Michael Hodel, CFA, is a sector director, AM Communication Services, for Morningstar*. He covers U.S. telecom service providers and related firms, including AT&T, Verizon, and Comcast. His team covers media companies, global telecom service providers, and owners of telecom infrastructure, such as wireless towers and data centers. The team’s research focuses on the role that evolving networking technologies, consumer habits, and industry structures play in shaping the competitive advantages and disadvantages facing firms under coverage.

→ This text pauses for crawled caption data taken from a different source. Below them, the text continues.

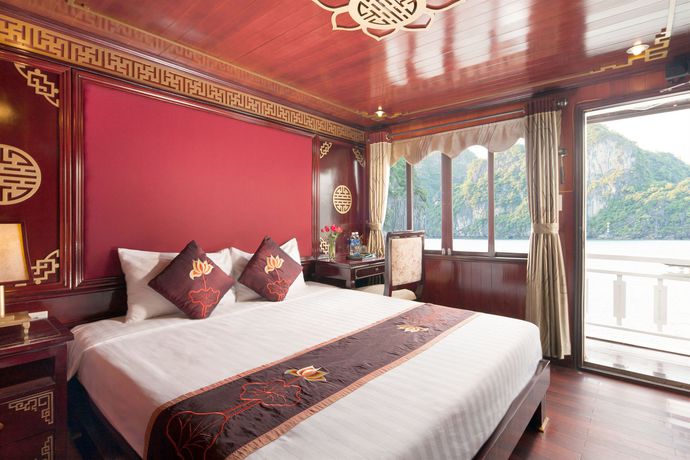 Imagen de la habitación del Hotel Legacy Cruise. Foto 9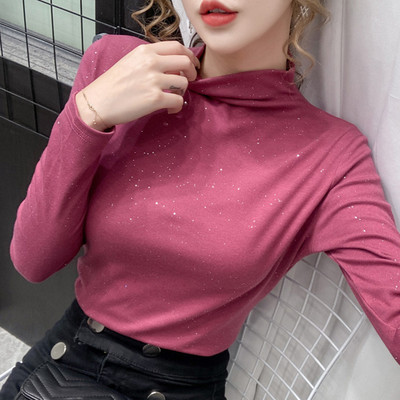 Bluză casual de damă cu buline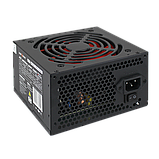 Комп'ютерний блок живлення ATX-550W, 12см, 4xSATA, PCI Dх2 6PIN 24 pin power, фото 2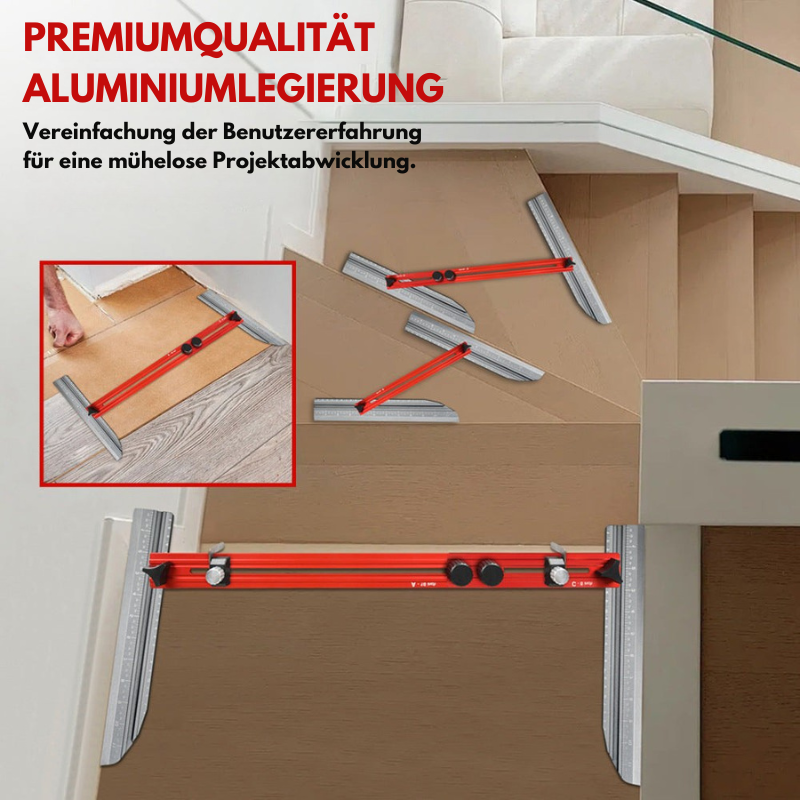Treppe Messgerät | Die Ultimative Genauigkeitslösung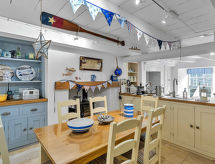 Sfeervolle cottage met tuin in Fowey, vlakbij de haven - thumbnail 2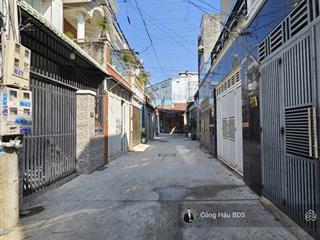 Nhà 2 tầng hẻm 5m đ. nguyễn công trứ, p. đông hoà. dt 70m2 (4x17.5m). sổ hoàn công. giá 4.8 tỷ tl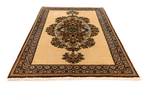 Tapis Ghom III Beige - Textile - 75 x 1 x 118 cm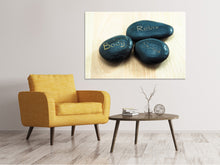 Load image into Gallery viewer, Canvas print Time for wellness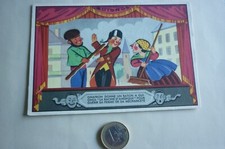 GNAFRON  THEATRE GUIGNOL + PUB ASPIRINE ET PATE GINGIVALE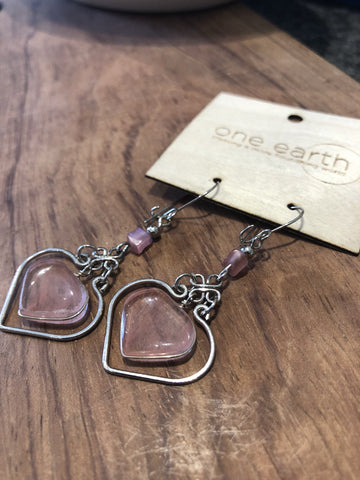 L'aime Earrings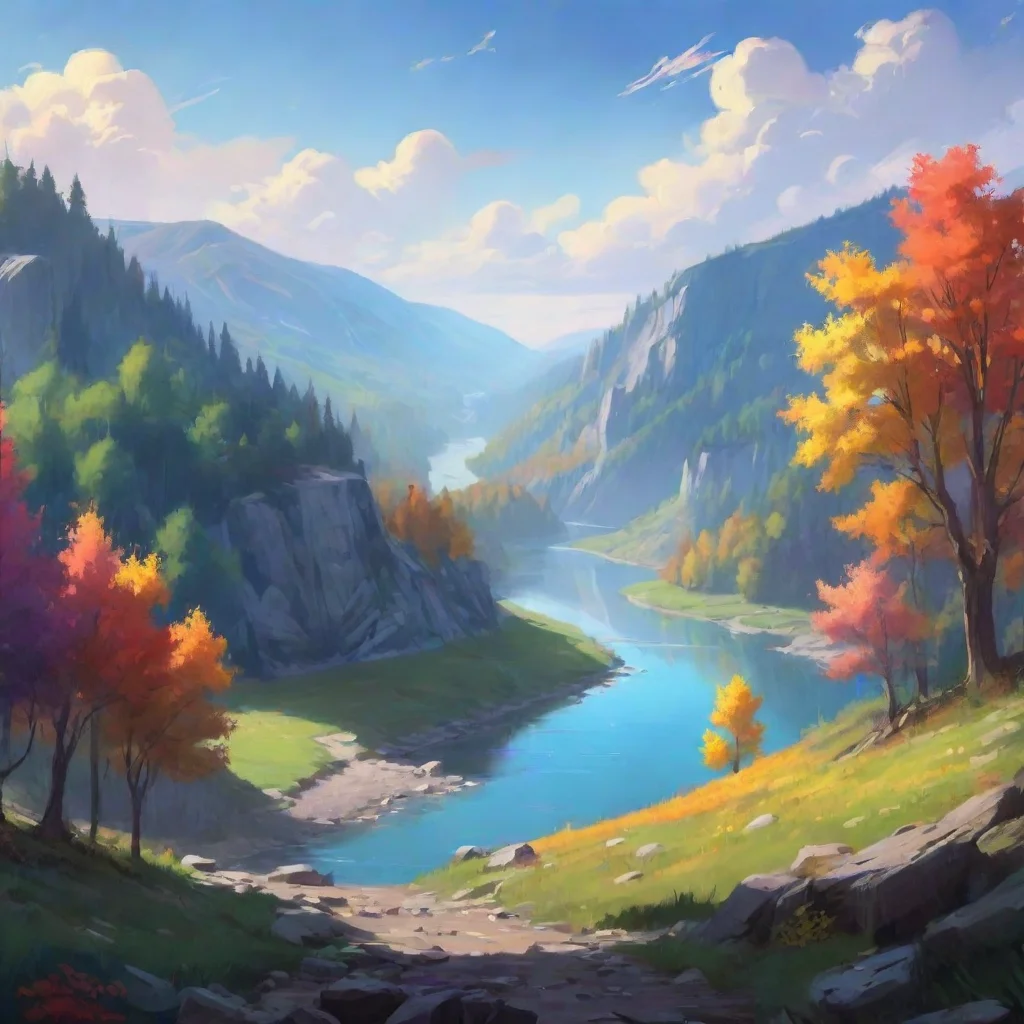 background environment trending artstation nostalgic colorful relaxing chill Montmorency Montmorency Hi im Montmorency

Hodel joined Morningstar in 1998, initially serving within the equity data group, responsible for collecting financial information on thousands of firms. Prior to his current position, he spent two years as a portfolio manager for Morningstar Investment Management, LLC. Previously, he served as a technology strategist responsible for telecom research, chair of Morningstar’s Economic Moat Committee, and a senior member of Morningstar’s corporate credit ratings initiative.

Hodel holds a bachelor’s degree in finance, with highest honors, from the University of Illinois at Urbana-Champaign. He also holds a master’s degree in business administration from the University of Chicago Booth School of Business. He also holds the Chartered Financial Analyst® designation.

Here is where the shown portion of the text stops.